I take it that the answer to these questions is interrelated. Thomasson believes that it is possible to give deflationary readings of most m-modal claims. For instance, Thomasson accepts that there may be m-modal properties and propositions, so long as these entities are understood as pleonastic entities. Doing so allows Thomasson a clever way of handling the Frege-Geach problem, particularly when combined with a deflationary meta-ontology. She writes:

So a speaker makes no mistake if she thinks of her modal utterance as describing the way the world is, in the sense of expressing an indicative truth, the literal semantic content of which is about the world [. . . .] The modal normativist accepts that modal claims are world-oriented in their literal semantic content [. . . .] One way to put the point [. . .] is to allow that an utterance of a metaphysical modal claim may make a (minimal) statement understood as an utterance we can sensibly say is (minimally) true [. . . .] But on the normativist view it would be a philosophical mistake to think of such utterances as serving to track modal features of the world, which they must mirror to be true, and which serve to assess and explain the truth of the modal claim. (70)

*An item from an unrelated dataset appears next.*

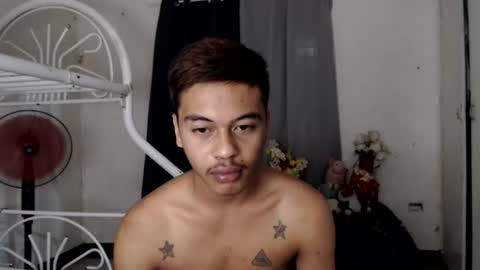 Snapshot of itzme_jhonfred chatting on 06/18/26, 11:36 Jhonfred online show from 06/18/26, 11:36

Call the metaphysics that results from application of Thomasson’s deflationary meta-ontolgy, pleonastic metaphysics. 

One concern about a full-blown adoption of pleonastic metaphysics is that it threatens to trivialize modal metaphysics tout court. Some philosophers will, of course, applaud this outcome. But Thomasson, I think, correctly recognizes that too much important work has arisen from the last half-century or so of heavy-duty metaphysics for this uncompromising form of pleonastic metaphysics to be plausible. Functional pluralism provides a way out of this bind: Pleonastic metaphysics resolves the Frege-Geach problem, while modal normativism resolves the trivialization concern by providing deontic reinterpretations of m-modal discourse that capture important developments in modal metaphysics (e.g., a posteriori necessities). Of course, if I am correct that we should reject modal normativism, the resolution fails. But it must be admitted that it is an elegant attempt.

In closing, however, I want to put some pressure on the feasibility of pleonastic metaphysics itself, specifically as it intersects Thomasson’s modal normativism and its motivations. As discussed above, I have doubts about the adequacy of modal normativism as an account of how m-modal language functions because it seems ill-equipped to handle interlinguistic (dis)agreement expressed in the m-modal vocabulary of different languages. Readers familiar with Alonzo Church’s (1950, also Langford’s 1937) criticisms of Carnap’s (1947) treatment of attitude reports will recognize the concern here as a generalization of those discussions.[4]

One way of seeing that the concern is more than mere analogy is to note that verbs of communication generate intensional contexts and must respect the Langford-Church Translation Test. Moreover, this will be so whether the communicated content is the literal semantic content of a statement or some extra-linguistic content the statement functions to convey. Given this, let us consider again our Spanish speaker, Jafet. Jafet utters “Necesariamente, el calor es energía cinética molecular media”. On Thomasson’s view, this statement has a primary function of conveying a metalinguistic principle, which we can report as follows:

  1. Jafet communicated that if the application conditions for “el calor” are met in a given situation then the application conditions for “energía cinética molecular media” must be met, as well

Haydee disagrees: “Heat is not necessarily mean molecular kinetic energy,” she says in her preferred language, English. On Thomasson’s view, we can report the primary information conveyed by Haydee as:

  1. Haydee communicated that if the application conditions for “heat” are met in a given situation then the application conditions for “mean molecular kinetic energy” must be met, as well.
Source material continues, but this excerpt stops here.